The skills and so forth isn't what I meant by 'balance'. I should've made it clearer, but I made that last post on my phone whilst I was sitting on the toilet and thus my capacity for verbosity was compromised. The game's balance goes beyond the mathematics of levelling up; things like details have to be balanced, story elements have to be balanced, NPC voices have to be balanced, loot and quest rewards have to be balanced. It all has to be balanced.
Consider this; did you think Black Reach was awesome? Yes, you did, and that's because the awesome has to be balanced. You have to have different types of awesome in the game, and not too much of it, otherwise nothing would stand out; the game has to be filled up with boring (but still pretty) clutter in just the right amounts. If you put too much awesome into the game, it just becomes weird.
The NPC dialogue in the game has been balanced. They've managed to put the bare minimum of unique dialogue into the game but balanced it well enough that it isn't too irritating.
Yes, of course, some aspects of the game are 'broken' in the sense that the right combination of skills and equipment make you a nigh-invulnerable killing machine. You have to put that in an RPG. Hell, for most of us, working out how to break the game is the game. It's possible for a game to be too balanced, which makes it dreadful. If a single-player RPG is too balanced, then all paths of character progression become equal; in which case, there's no point in having any customisation of character progression at all.
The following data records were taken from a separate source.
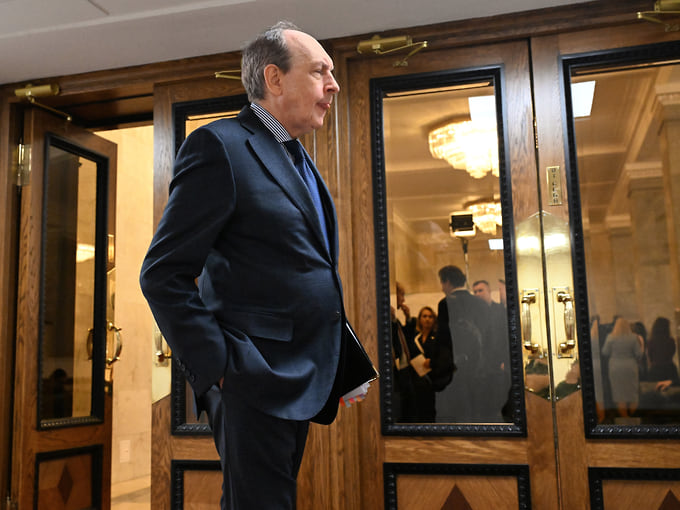 Депутат Вячеслав Никонов в Госдуме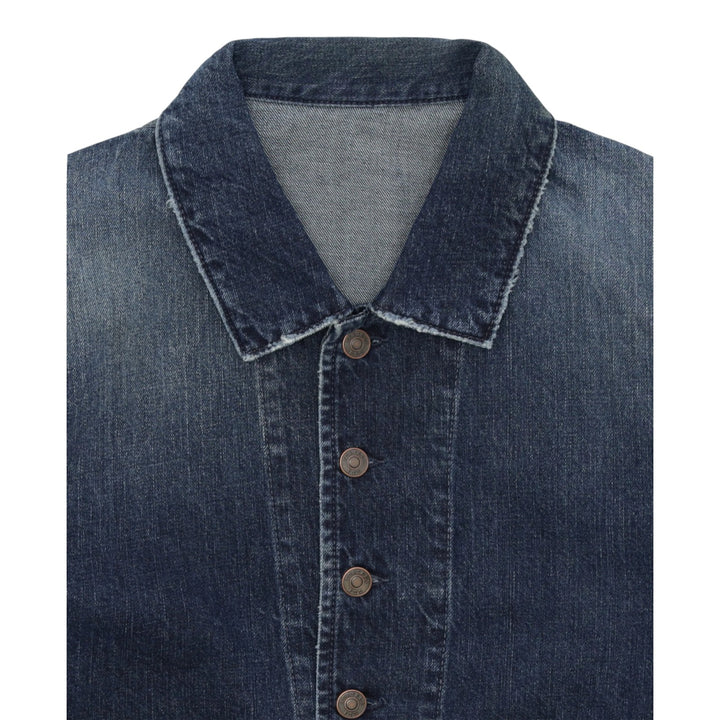 Clays Veste en Denim Bleu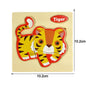 Montessori Wooden Cartoon Animal Puzzles – Early Learning Toy Set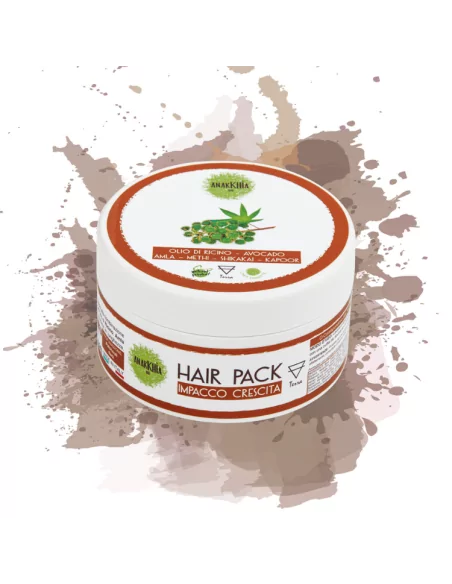 Impacco Crescita Capelli Stimolante e Rinforzante Bio 200 ml - Hair Pack Terra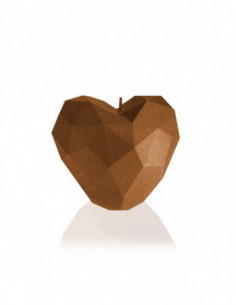Świeca Heart Low-Poly Gold 2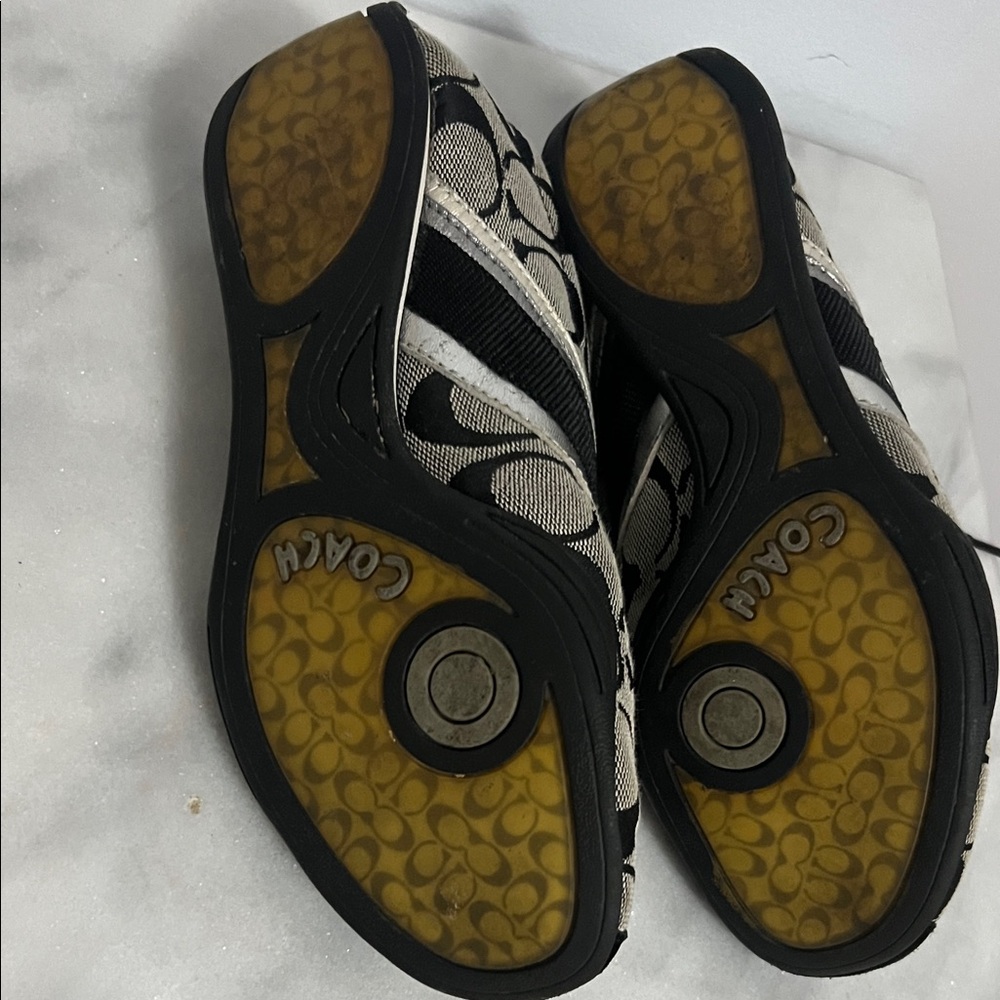 Coach Monogram Black and Silver Women's Sneakers - Picture 4 of 6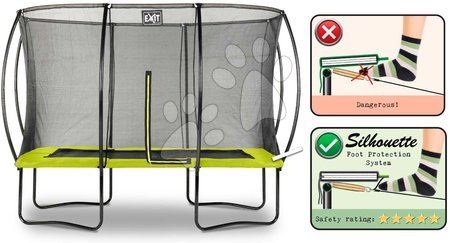 Trampolíny s ochrannou sítí - Trampolína s ochrannou sítí Silhouette trampoline Exit Toys - 3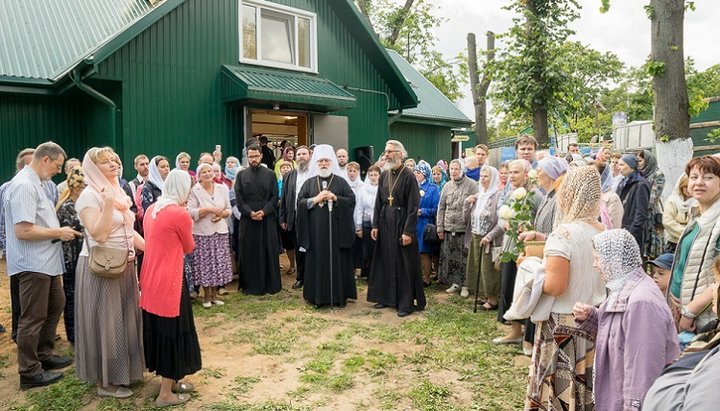 Первый в Беларуси храм в честь святого праведного страстотерпца Евгения (Боткина) освятили в Минске. Фото: пресс-служба Белорусской Православной Церкви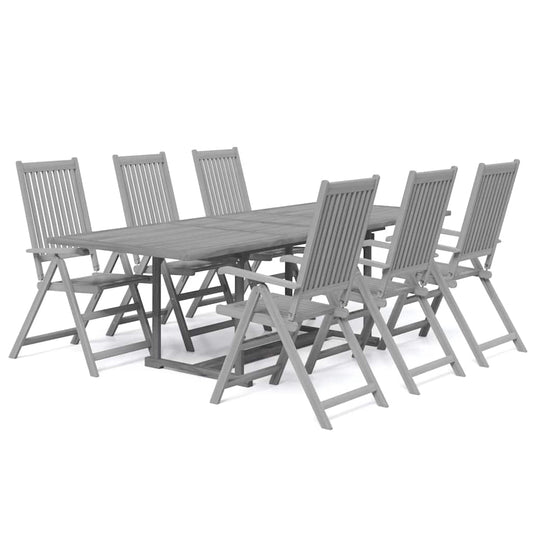 7 Piece Garden Dining Set Solid Wood Acacia 7 Piece Garden Dining Set Solid Wood Acacia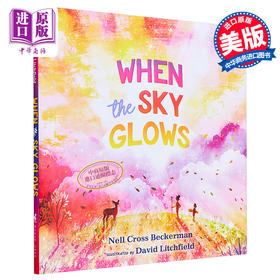 【中商原版】David Litchfield：When the Sky Glows 当天空闪亮 英文原版 精品绘本 儿童故事 Nell Cross Beckerman 4-6岁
This is why I rarely play mods; most mods add new features that unbalance the game. DLCs and add-on packs also have the same effect. Don't get me wrong, mods can be fun, but if you add, say, twenty unrelated mods to the game (not including graphical overhaul mods, bugfixes, UI mods, etc.) you end up with a frankly bizarre game, one that I find it difficult to play. The thing is, you can tolerate a bunch of different disjointed mods because you installed them. If the developer adds twenty or thirty random things to the game just because they're cool, the game doesn't knit together so well and you end up with a profoundly weird title, one that people won't be as bothered to mod.
I don't think people give Skyrim enough credit. In most respects, they learnt and applied a lot of lessons from their previous mistakes, and yet made relatively few new ones. I think the game is balanced in most respects, and all the elements come together well. I'm completely happy with the amount of content in the game. The next game will have a lot to live up to.